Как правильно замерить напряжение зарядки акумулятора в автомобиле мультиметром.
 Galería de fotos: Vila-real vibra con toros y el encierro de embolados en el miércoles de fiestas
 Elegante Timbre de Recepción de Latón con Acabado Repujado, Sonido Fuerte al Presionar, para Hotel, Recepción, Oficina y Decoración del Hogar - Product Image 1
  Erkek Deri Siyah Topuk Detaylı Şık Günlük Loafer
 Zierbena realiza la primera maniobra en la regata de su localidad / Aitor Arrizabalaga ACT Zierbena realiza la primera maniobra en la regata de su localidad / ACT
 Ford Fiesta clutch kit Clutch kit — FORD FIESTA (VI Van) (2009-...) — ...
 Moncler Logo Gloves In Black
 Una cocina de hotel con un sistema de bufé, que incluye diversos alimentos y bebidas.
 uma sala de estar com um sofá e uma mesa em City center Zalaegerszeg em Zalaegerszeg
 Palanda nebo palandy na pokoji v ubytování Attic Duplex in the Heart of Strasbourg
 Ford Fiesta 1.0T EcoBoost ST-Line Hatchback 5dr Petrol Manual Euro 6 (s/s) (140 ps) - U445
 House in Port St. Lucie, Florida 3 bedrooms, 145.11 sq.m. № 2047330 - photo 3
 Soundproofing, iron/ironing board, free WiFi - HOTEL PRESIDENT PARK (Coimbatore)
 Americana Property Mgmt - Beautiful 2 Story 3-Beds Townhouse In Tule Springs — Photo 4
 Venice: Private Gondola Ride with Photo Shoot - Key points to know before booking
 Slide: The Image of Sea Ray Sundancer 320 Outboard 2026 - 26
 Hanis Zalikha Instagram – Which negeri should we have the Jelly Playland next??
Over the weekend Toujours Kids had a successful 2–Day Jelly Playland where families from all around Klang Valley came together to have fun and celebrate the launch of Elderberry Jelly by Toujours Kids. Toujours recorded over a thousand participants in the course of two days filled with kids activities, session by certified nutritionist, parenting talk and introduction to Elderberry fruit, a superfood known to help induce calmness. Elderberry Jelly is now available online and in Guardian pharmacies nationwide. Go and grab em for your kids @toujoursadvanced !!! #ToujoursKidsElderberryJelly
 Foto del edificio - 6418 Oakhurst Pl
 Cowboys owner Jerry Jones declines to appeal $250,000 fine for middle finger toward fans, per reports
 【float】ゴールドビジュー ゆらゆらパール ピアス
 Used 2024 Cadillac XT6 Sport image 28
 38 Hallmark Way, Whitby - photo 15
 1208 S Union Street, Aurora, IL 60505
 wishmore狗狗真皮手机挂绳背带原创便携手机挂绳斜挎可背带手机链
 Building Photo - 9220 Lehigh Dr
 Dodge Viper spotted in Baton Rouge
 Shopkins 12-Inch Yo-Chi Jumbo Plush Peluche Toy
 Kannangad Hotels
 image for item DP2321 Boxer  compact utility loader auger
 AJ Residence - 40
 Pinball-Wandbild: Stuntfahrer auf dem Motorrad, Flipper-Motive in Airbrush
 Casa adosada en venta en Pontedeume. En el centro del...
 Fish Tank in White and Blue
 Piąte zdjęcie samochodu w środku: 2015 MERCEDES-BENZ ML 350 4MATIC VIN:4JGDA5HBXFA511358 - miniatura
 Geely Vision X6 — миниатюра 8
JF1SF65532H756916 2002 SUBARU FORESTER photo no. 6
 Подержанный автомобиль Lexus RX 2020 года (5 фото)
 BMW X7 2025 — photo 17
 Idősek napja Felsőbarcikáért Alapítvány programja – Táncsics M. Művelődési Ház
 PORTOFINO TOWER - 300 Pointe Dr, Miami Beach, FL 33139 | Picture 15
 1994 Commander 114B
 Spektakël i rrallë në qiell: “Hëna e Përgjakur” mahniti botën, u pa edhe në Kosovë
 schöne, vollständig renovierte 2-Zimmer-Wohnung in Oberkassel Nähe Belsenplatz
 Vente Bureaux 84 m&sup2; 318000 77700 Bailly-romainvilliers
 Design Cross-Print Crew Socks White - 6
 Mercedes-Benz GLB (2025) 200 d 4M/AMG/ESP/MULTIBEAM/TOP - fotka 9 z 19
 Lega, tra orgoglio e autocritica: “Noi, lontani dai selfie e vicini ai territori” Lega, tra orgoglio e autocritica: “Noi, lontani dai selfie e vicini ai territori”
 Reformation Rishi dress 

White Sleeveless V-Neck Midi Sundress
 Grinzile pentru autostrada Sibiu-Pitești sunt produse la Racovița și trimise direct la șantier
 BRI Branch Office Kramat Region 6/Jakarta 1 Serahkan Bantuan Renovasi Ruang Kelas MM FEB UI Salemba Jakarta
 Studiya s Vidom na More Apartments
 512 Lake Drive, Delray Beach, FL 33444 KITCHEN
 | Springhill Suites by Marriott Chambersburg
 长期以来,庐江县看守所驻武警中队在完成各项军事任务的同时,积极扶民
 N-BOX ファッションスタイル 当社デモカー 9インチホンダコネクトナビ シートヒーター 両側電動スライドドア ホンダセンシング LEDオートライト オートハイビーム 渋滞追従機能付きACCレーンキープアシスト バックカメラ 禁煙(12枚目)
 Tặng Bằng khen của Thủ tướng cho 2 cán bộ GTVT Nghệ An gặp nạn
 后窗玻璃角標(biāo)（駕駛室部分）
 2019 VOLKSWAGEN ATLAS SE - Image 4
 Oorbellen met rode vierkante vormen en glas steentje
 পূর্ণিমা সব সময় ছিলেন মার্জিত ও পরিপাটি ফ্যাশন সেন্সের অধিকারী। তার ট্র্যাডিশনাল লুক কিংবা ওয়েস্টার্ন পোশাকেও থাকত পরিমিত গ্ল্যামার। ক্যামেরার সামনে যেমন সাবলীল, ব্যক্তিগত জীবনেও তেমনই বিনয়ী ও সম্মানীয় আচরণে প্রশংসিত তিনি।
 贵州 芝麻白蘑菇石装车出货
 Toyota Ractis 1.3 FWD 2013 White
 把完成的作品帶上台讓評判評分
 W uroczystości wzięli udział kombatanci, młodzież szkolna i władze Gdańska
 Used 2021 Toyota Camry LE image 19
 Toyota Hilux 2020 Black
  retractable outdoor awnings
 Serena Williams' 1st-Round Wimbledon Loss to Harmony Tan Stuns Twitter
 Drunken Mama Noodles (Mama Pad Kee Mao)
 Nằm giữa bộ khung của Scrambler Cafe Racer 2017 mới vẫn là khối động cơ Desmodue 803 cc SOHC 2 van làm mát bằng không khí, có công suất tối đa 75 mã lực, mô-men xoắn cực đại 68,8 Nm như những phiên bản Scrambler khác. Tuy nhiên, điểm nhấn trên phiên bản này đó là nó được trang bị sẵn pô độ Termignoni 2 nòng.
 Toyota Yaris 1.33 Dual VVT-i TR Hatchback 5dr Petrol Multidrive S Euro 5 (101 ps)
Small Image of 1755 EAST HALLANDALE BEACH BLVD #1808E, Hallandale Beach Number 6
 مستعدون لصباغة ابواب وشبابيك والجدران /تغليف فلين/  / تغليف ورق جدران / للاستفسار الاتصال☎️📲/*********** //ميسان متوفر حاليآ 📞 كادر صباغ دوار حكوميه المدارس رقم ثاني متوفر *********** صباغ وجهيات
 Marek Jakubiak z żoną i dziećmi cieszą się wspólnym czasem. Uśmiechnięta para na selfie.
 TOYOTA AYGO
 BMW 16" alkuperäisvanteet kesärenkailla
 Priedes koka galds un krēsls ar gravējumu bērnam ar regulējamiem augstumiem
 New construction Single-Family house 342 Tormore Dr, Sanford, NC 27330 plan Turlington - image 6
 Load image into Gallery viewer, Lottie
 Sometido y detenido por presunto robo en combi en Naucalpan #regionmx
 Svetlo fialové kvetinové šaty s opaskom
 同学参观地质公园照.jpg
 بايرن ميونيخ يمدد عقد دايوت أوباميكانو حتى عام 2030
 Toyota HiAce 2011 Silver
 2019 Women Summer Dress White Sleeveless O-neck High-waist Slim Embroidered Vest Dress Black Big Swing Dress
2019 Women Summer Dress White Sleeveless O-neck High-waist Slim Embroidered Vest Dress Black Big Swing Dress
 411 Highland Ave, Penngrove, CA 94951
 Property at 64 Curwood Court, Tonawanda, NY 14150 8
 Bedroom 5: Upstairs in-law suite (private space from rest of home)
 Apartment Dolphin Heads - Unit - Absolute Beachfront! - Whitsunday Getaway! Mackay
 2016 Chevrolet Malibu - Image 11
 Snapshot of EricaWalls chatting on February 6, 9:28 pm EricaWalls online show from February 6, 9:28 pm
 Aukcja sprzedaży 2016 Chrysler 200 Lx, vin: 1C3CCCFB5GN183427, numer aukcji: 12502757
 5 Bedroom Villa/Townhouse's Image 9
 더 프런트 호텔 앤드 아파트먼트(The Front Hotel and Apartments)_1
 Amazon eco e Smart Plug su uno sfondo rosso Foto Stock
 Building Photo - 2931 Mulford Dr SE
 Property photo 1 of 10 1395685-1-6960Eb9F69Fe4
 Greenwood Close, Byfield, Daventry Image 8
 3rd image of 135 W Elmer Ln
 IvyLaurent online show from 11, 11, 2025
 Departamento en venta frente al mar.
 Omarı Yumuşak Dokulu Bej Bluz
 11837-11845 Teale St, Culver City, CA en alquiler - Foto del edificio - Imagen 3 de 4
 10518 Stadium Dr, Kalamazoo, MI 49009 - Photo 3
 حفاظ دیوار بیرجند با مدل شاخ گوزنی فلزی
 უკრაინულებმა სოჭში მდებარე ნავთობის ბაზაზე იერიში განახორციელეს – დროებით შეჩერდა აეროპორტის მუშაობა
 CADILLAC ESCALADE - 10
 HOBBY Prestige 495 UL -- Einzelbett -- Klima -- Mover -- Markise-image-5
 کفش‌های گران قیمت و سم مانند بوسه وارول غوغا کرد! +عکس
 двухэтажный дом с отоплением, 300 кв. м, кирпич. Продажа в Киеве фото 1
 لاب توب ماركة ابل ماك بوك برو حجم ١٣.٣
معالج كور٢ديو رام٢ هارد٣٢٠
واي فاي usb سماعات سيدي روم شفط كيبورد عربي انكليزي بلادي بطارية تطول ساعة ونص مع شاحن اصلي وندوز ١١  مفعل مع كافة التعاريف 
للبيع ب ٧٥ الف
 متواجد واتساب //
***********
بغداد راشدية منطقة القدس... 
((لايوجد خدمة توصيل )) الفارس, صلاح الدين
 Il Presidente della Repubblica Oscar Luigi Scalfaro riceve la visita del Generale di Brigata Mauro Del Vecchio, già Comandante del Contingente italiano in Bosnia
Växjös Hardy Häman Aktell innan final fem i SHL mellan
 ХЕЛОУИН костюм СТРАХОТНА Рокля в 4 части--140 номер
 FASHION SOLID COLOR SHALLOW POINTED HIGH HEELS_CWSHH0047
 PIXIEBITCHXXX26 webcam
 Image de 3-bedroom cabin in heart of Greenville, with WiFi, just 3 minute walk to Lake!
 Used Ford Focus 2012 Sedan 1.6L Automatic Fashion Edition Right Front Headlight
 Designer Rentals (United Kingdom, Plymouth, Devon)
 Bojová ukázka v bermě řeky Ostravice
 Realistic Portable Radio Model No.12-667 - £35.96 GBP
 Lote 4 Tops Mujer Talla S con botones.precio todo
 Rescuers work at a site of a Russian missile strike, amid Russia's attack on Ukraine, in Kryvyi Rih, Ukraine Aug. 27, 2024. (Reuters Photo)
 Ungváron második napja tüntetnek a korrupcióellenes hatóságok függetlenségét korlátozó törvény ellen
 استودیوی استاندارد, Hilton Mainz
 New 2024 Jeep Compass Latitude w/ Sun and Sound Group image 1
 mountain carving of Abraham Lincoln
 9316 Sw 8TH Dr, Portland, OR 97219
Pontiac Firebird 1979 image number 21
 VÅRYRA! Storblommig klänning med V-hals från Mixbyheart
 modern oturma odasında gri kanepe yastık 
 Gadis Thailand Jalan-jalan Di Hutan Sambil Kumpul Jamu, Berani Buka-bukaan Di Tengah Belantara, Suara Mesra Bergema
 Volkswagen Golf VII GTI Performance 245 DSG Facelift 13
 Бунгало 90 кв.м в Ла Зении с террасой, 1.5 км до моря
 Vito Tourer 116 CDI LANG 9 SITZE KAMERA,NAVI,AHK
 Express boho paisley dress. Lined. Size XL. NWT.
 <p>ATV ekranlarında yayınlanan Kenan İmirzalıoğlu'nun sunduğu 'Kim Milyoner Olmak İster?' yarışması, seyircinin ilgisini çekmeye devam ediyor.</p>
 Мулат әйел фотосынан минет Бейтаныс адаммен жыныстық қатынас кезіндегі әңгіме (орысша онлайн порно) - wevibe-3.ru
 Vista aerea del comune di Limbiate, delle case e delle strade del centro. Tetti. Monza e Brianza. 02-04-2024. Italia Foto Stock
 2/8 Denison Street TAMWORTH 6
=-=-=-=-=
▶ What you will do
Take the lines from the start of the records through the line holding "Soundproofing, iron/ironing board, free", both included, and please print them exactly, with nothing else.

▶ Output below
Как правильно замерить напряжение зарядки акумулятора в автомобиле мультиметром.
 Galería de fotos: Vila-real vibra con toros y el encierro de embolados en el miércoles de fiestas
 Elegante Timbre de Recepción de Latón con Acabado Repujado, Sonido Fuerte al Presionar, para Hotel, Recepción, Oficina y Decoración del Hogar - Product Image 1
  Erkek Deri Siyah Topuk Detaylı Şık Günlük Loafer
 Zierbena realiza la primera maniobra en la regata de su localidad / Aitor Arrizabalaga ACT Zierbena realiza la primera maniobra en la regata de su localidad / ACT
 Ford Fiesta clutch kit Clutch kit — FORD FIESTA (VI Van) (2009-...) — ...
 Moncler Logo Gloves In Black
 Una cocina de hotel con un sistema de bufé, que incluye diversos alimentos y bebidas.
 uma sala de estar com um sofá e uma mesa em City center Zalaegerszeg em Zalaegerszeg
 Palanda nebo palandy na pokoji v ubytování Attic Duplex in the Heart of Strasbourg
 Ford Fiesta 1.0T EcoBoost ST-Line Hatchback 5dr Petrol Manual Euro 6 (s/s) (140 ps) - U445
 House in Port St. Lucie, Florida 3 bedrooms, 145.11 sq.m. № 2047330 - photo 3
 Soundproofing, iron/ironing board, free WiFi - HOTEL PRESIDENT PARK (Coimbatore)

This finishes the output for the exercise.